Market participants say the success of the bond sale will hinge on investors’ assessment of the company’s financial stability. While securing the targeted amount is not expected to be difficult, the final coupon rate will likely reflect perceptions of rising leverage and financial risk.
GC Biopharma’s debt has steadily increased in recent years. Total borrowings rose from KRW 576.6 billion in 2022 to KRW 724.0 billion in 2023, KRW 828.1 billion in 2024, and KRW 1.0229 trillion as of the third quarter of 2025. Over the same period, the company’s debt-to-capital ratio climbed from 22.8% to 32.1%, exceeding the commonly cited 30% threshold for stable leverage. As of end-September last year, its debt ratio stood at 114.3%.
Although Korea Ratings and NICE Investors Service assign GC Biopharma an unsecured bond rating of A+ (Stable), several key financial metrics are viewed as being closer to BBB-grade levels. These include EBITDA margin, net debt-to-EBITDA, and EBITDA-to-interest coverage ratios.

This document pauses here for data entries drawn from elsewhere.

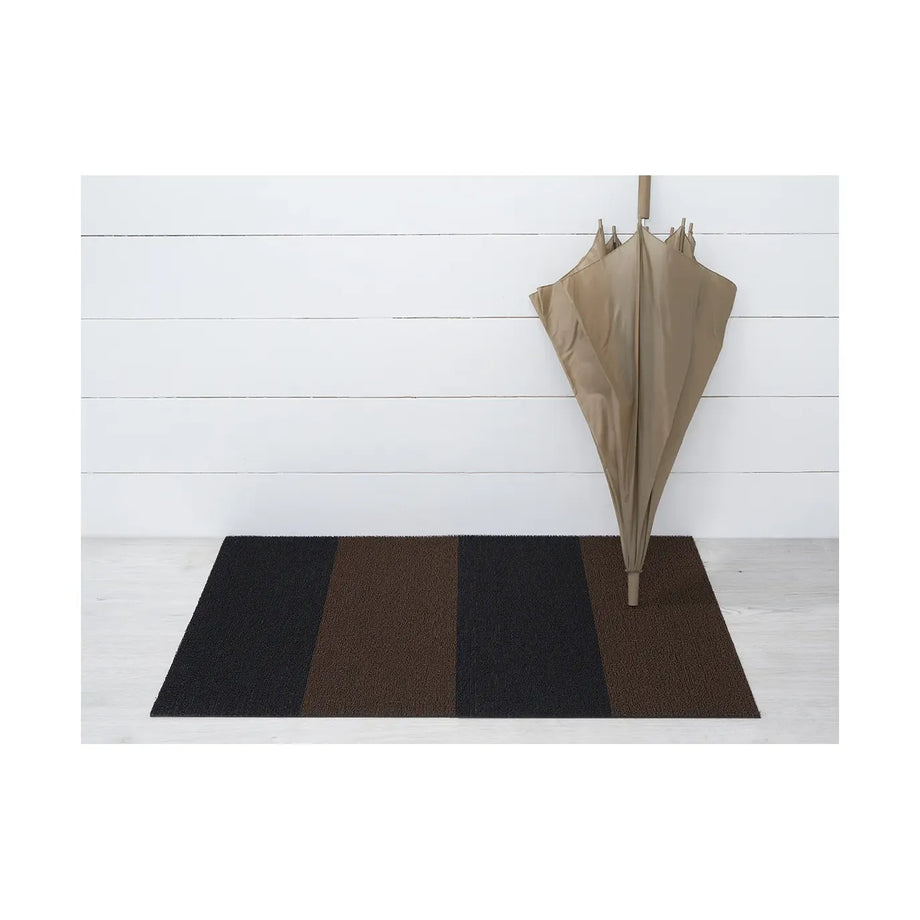 Chiliwich en plein air Shag Utility Mat - Skinny Stripe / Birch / 24x36"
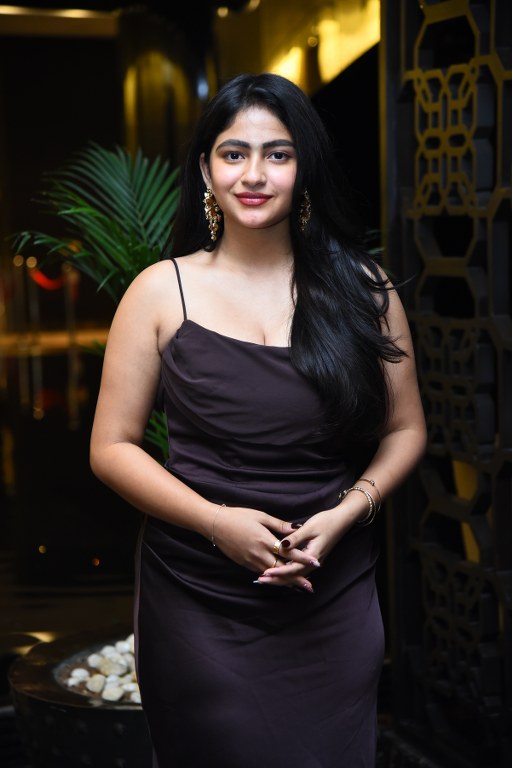 Thellakaagitham Actress Nakshatra Modern Looks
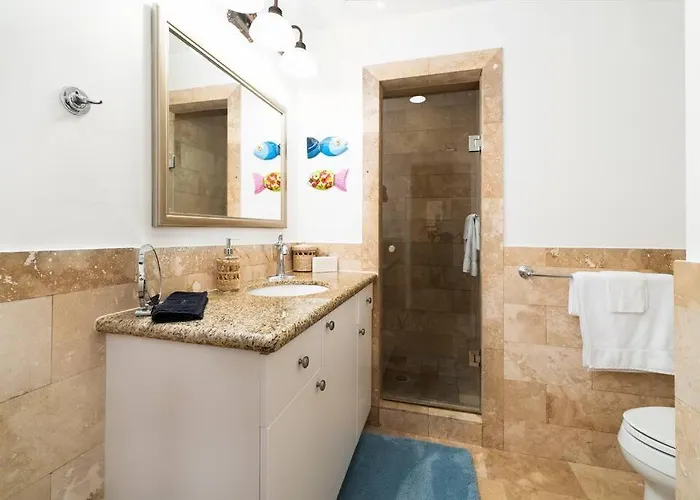 The Cottonwood House - Beach Villa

The rising financial burden stems from continued capital expenditures on facilities and equity investments, coupled with higher working capital needs due to increased inventories. As a result, operating cash flow has not been sufficient to cover investment and operating expenditures.
The company has posted negative free cash flow (FCF) since 2023, recording net outflows of KRW 156.3 billion in 2023, KRW 115.4 billion in 2024, and KRW 44.3 billion as of the third quarter of 2025.
Negative FCF indicates that internally generated cash is insufficient to fund capital spending and operational needs, suggesting greater reliance on external borrowing or financial activities if investment levels remain elevated and cash generation does not recover.